# Sprint 0123 · Excititor Ingestion & Evidence (Phase V)

## Topic & Scope
- Feed VEX Lens and Vuln Explorer with enriched, canonical evidence while keeping Excititor aggregation-only.
- Lock raw storage validation/idempotency and ship portable evidence bundles plus mirror registration APIs for air-gapped parity.
- **Working directory:** `src/Excititor` (WebService, Core, Storage.Mongo) and docs/airgap.

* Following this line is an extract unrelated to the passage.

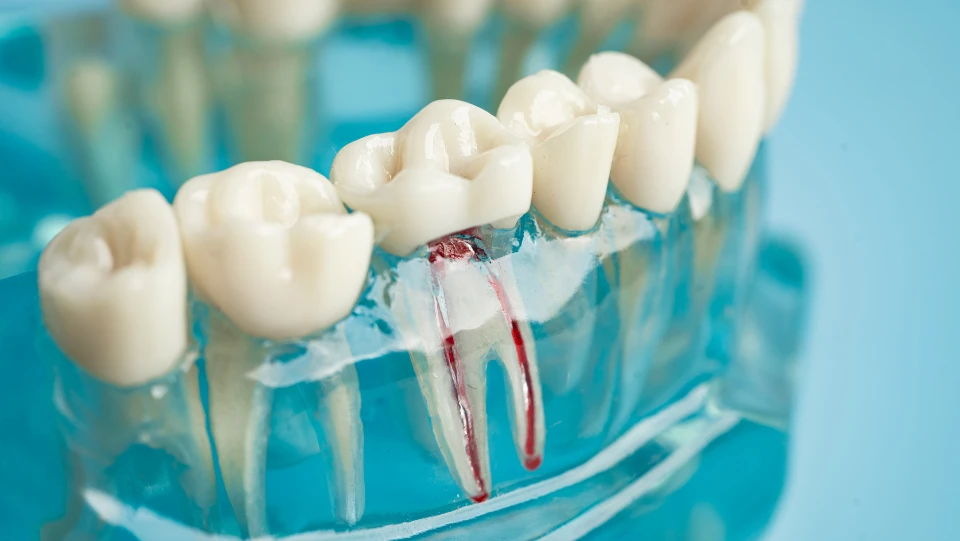 Root Canal Treatment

## Dependencies & Concurrency
- Depends on Phase IV outputs (timeline/locker/attestation) and mirror registration contract.
- Concurrency: storage validators/indexes first; VEX Lens/Vuln endpoints rely on canonicalization; portable bundles depend on mirror registration endpoints.

## Documentation Prerequisites
- docs/modules/excititor/architecture.md
- docs/modules/excititor/implementation_plan.md
- docs/airgap/portable-evidence-bundle-verification.md
- Excititor AGENTS.md files (WebService, Core, Storage)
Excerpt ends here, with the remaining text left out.